The big takeaway from today's "Future of Housing Finance" conference at the U.S. Department of Treasury was that everybody agreed to agree – more or less. It was a given that Fannie Mae and Freddie Mac will be put into retirement, eventually.As Treasury Secretary Timothy Geithner said in his introductory remarks, "This administration will side with those who want fundamental change."
And all dozen panelists clearly bought into Geithner and HUD Secretary Shaun Donovan's not-so-secret agenda: making mortgage credit widely available and supporting affordable housing, including rentals. Of course, this was no coincidence.

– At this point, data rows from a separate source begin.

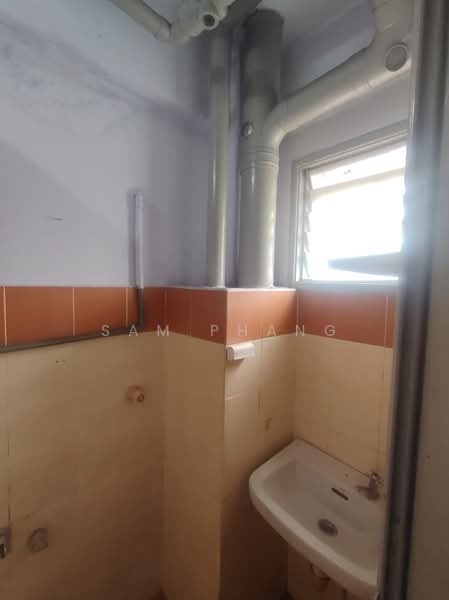 Pangsapuri untuk Dijual di Apartment Sri Rakyat - Sam Phang - Bathroom - PropertyGuru.com.my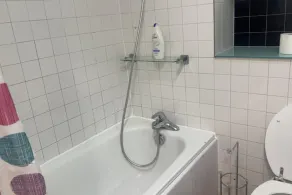 London 1 Bed Apartment close to Barking Station - Image 3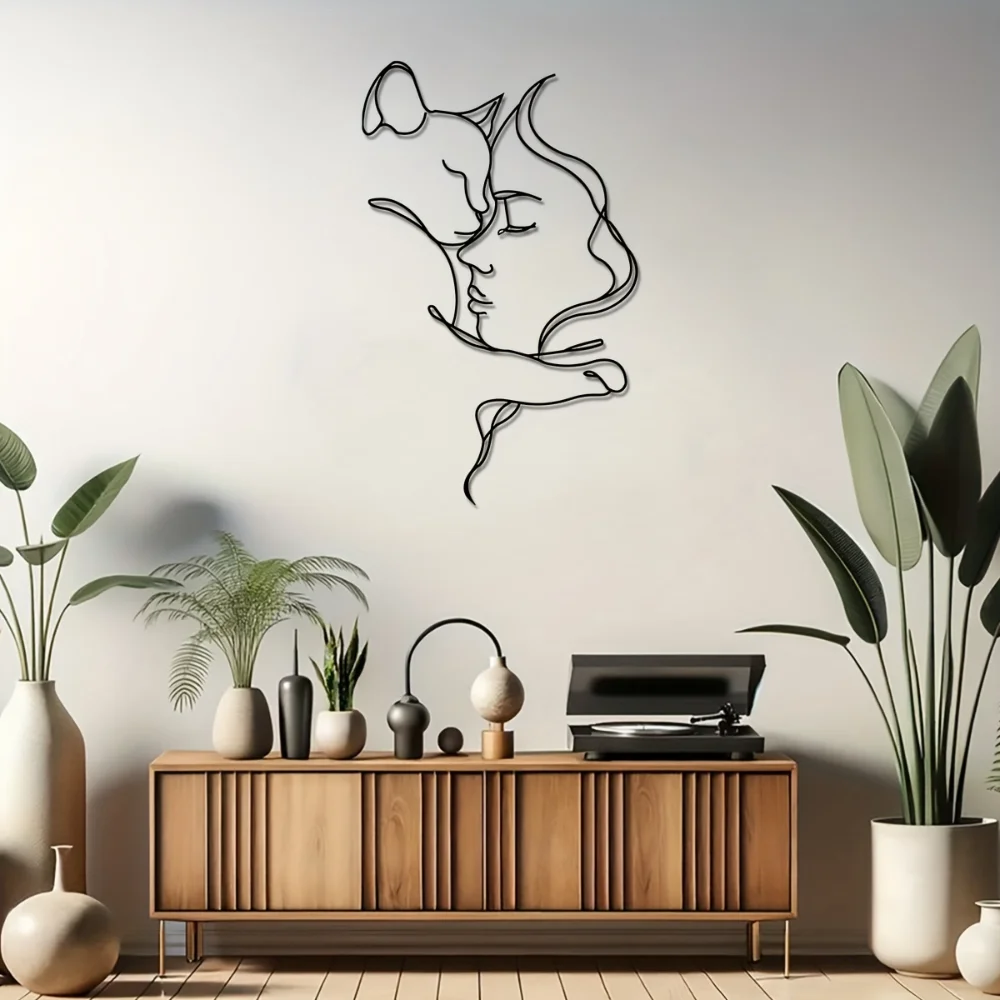 Sleek Black Cat and Woman Meta - Interior Design Women 评论和价格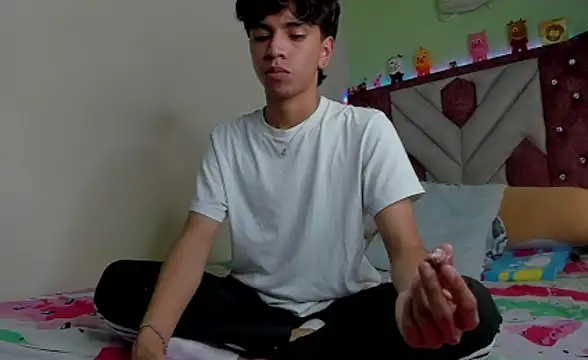 Snapshot of Santy_carrington chatting on November 2025 03:20:02 AM Santy carrington online show from November 2025 03:20:02 AM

The dozen panelists were handpicked by Treasury and HUD, and the ultimate purpose of this summit was to get a broad spectrum of opinion-makers on record in support of the Obama administration's reform plans. Geithner and Donovan will need a big crowd of united supporters behind them when they take this show to Congress in the next session, and what until now has been a mostly technical policy discussion turns into full-blown circus.

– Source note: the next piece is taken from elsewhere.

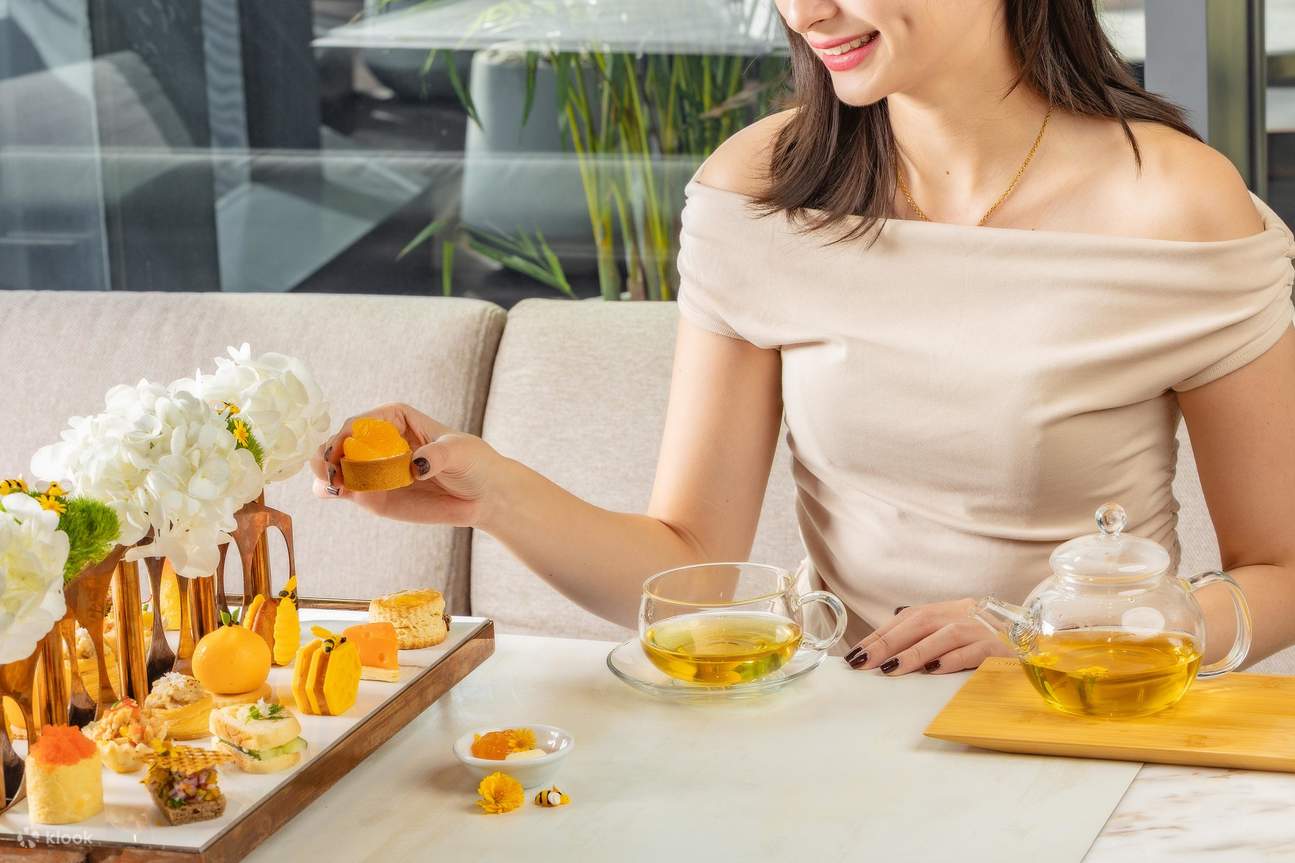 曼谷素坤逸凱悦酒店大堂酒廊下午茶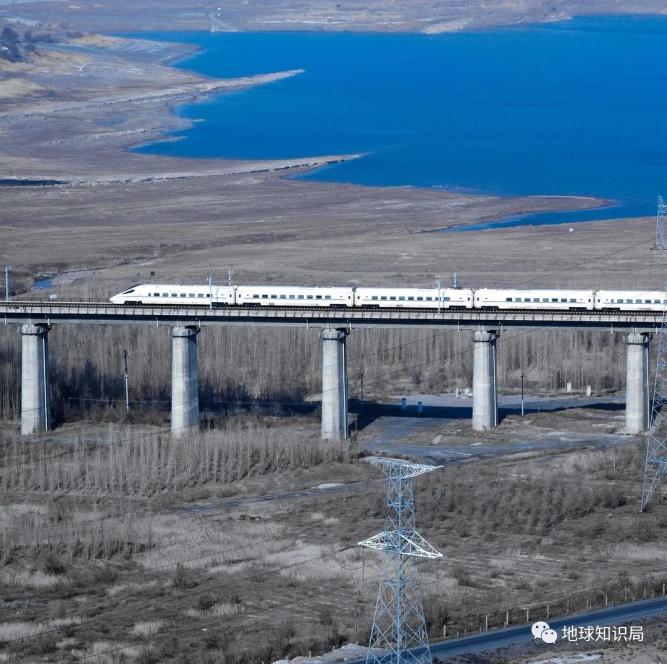 兰新高铁一路向西（图片：黄不摇 / 图虫创意）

But still, it isn't every day that you have agreement on anything from a group that includes executives from Wells Fargo and Bank of America; the head of the National Urban League; bond guru Bill Gross of PIMCO; economist Mark Zandi; mortgage-backed securities pioneer Lewis Ranieri; and a stellar cast of housing experts from academia, think tanks and foundations. What they all said in their own very distinctive ways was that there is no way that low-interest, long-term mortgages are going to be available to a large number of Americans without the federal government making sure, in some way, that it happens.
Mortgage rates could jump by 3 to 4 percent in a solely private market
Bill Gross of PIMCO, one of the country's biggest bond investors, says his firm is staying far away from private mortgage-backed securities because of enduring uncertainty about their performance, and will only consider investing in mortgages where borrowers make 30 percent down payments. He estimated that if privately backed mortgages were the only game in town, mortgages would cost three to four points more than they do now. Gross advocated for a complete government takeover of the mortgage markets by a single agency. Said Gross: "To suggest that there's a large place for private financing in the future of American housing finance is unrealistic."